The whole of 1 Kings’ chapter eight is 66 long verses that tell of the moving of the Ark of the Covenant from the City of David to the new temple built by Solomon and his prayer and dedication of all of that. It was scheduled to be incorporated into the God-commanded feast of Sukkot (the Festival of Booths), so it happened on 15 Ethanim (aka Tishri), which was the equivalent of a modern September or October. As such, the dedication of Solomon’s Temple was during the seven-day harvest festival (Feast of the Ingathering – from Genesis), when the Jews also recognized the dependence of the people of Israel on God (Feast of Tabernacles – from Exodus).


So, while this reading is parsed down to just a fraction of that whole, it still reads (to me) like a state fair event, held in a capital city in early fall, when all the deep-fried butter on sticks, cotton candy, grilled corn on sticks, foot-long corn dogs, powdered sugar dusted funnel cakes, caramel apples and a wide assortment of carnival amusement rides are all waiting on the other side of the entrance gate that is blocked by a big blue ribbon and a bunch of dignitaries in suits holding a giant pair of scissors.

Solomon sounds like the governor that has come, bringing with him a posse of political party advisors and a gaggle of news reporters and photographers, to the dedication of the newest and biggest ride the fair has ever known. Of course, that would have never happened if the governor hadn’t used his sway with powerful connections; so, pats on the back for many are publicly made, so all to get some glory … and more votes. It reads like there was a lot of pomp and circumstance surrounding the opening of the fair, more than usual.
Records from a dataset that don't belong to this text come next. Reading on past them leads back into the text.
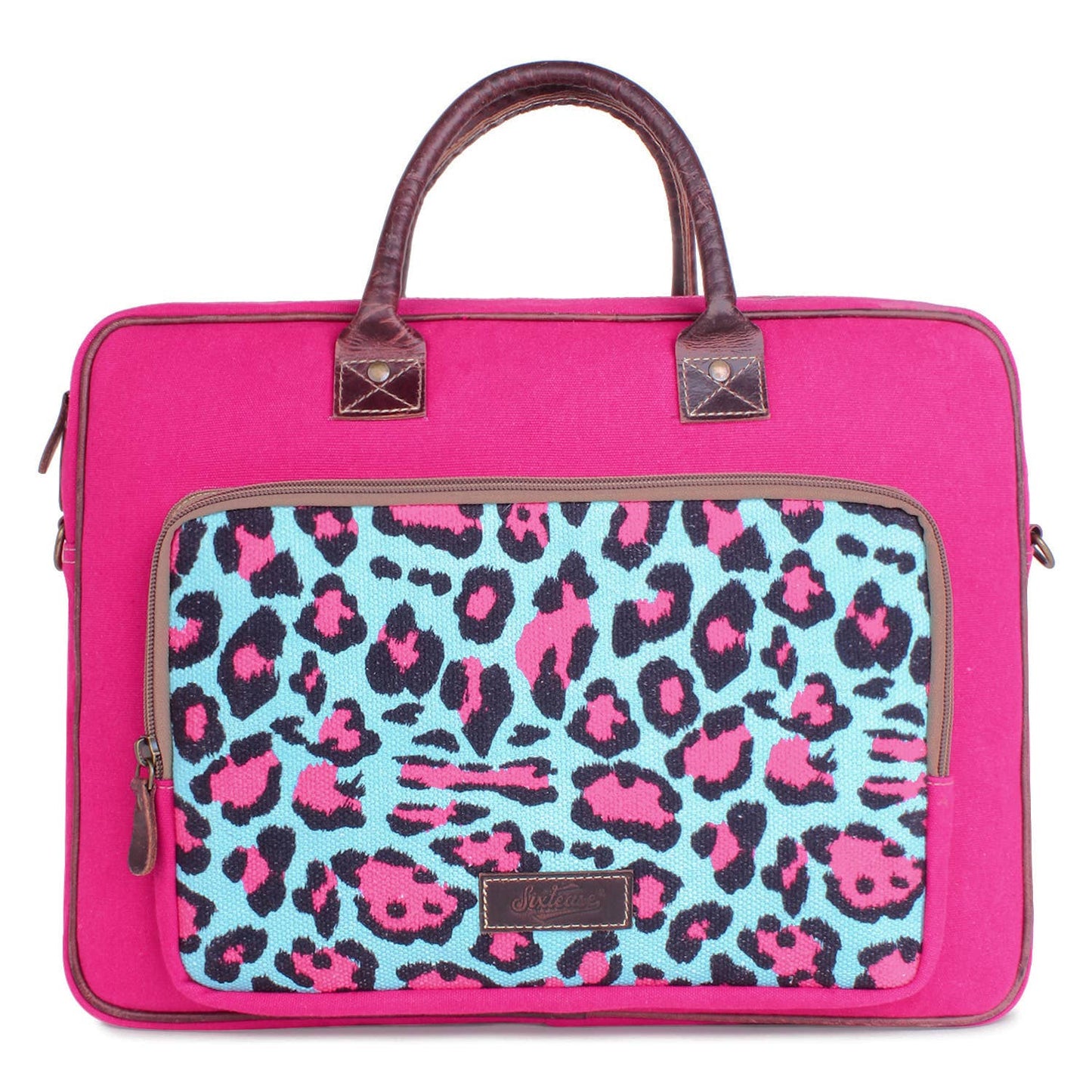 Pink Leopard Up-cycled Canvas & Leather Laptop Bag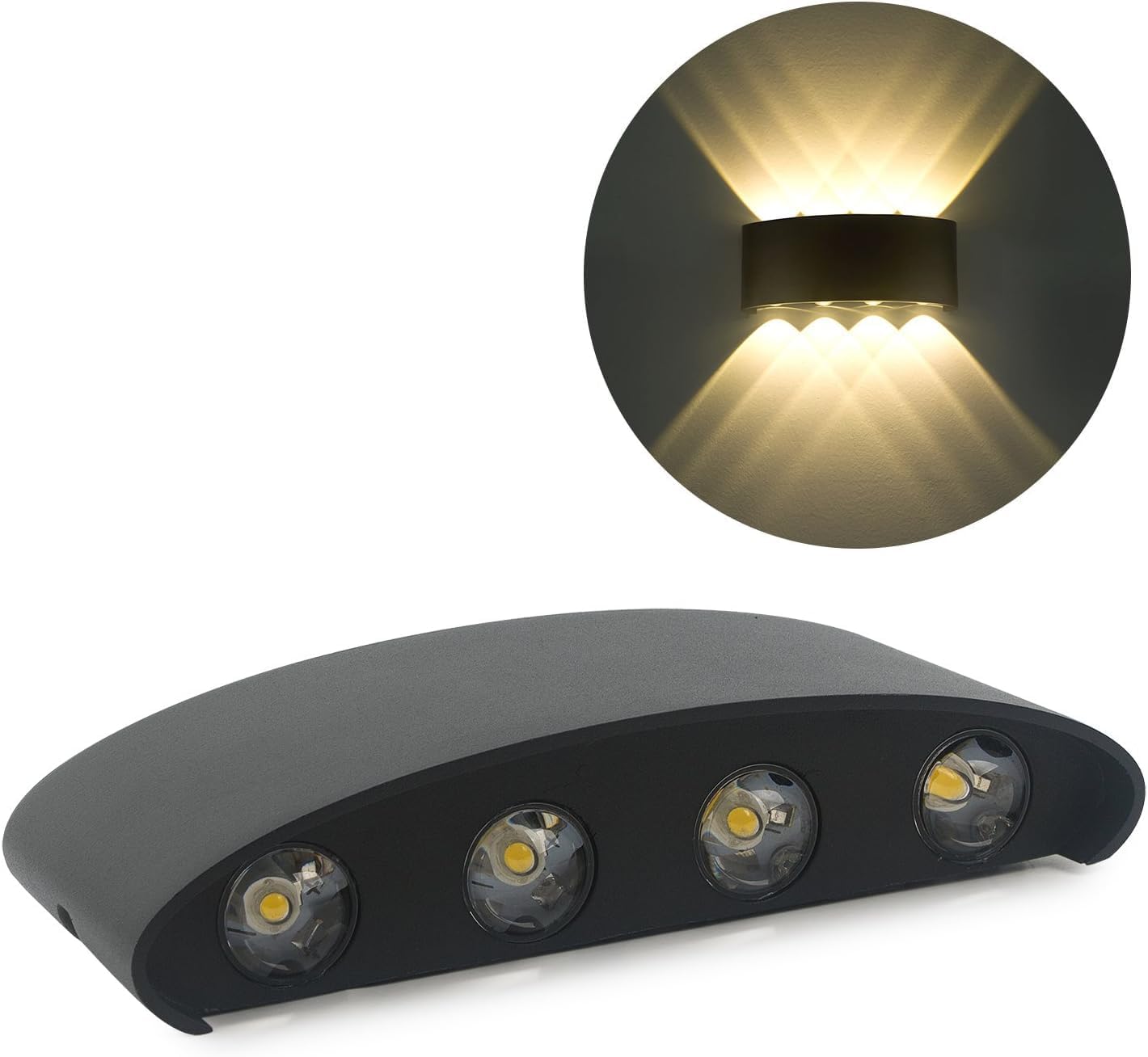 Lampa Ścienna LED 8W Nowoczesne Kinkiety IP65 Wodoodporna Oprawa Aluminiowa Dekoracyjna Lampa Punktowa Góra/Dół Nocna Lampka do Salonu, Sypialni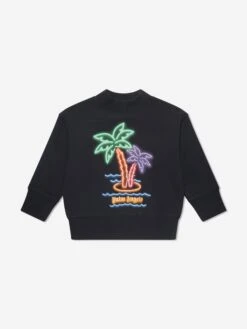 Palm Angels Boys Neon Palms Sweatshirt In Black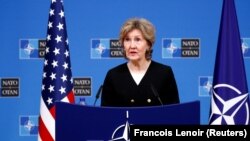BELGIUM -- U.S. Ambassador to NATO Kay Bailey Hutchison accused Russia of violating the intermediate nuclear missile treaty at a NATO defense ministers meeting in Brussels, October 2, 2018.
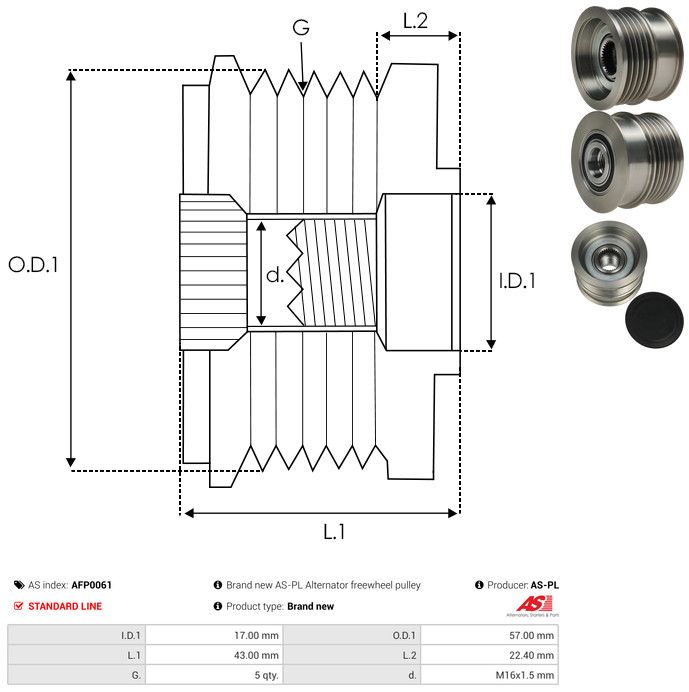 AS-PL AFP0061 Alternator Freewheel Clutch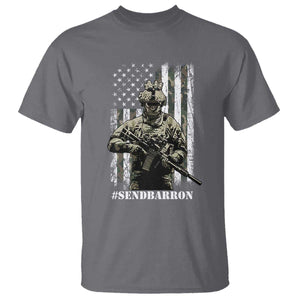 Send Barron T Shirt Sarcastic Political American Flag Camo Soldier TS14 Charcoal Print Your Wear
However, the smells of the foods and the sounds of the carnival music make all the sweat from waiting for the speeches to end, on a warm day, is worth waiting for.


The people of Israel saw more animal sacrifices than could be counted.  The altar was ablaze and the air was filled with barbecue smoke.  The harvest was plentiful, as always while Solomon was king; so a fun time was had by all.


Still, the movement of the Ark from its tabernacle in the City of David, up the path less steep on Mount Zion, across the old city of Jerusalem to the height of Mount Moriah, was made in a more dignified manner than was when it was moved from the house of Abinadab to Jerusalem by David.  Nothing says Solomon was skimpily dressed and dancing wildly before the Ark.  I imagine Micah daughter of Saul would have been glad that a King of Israel acted stately and dignified.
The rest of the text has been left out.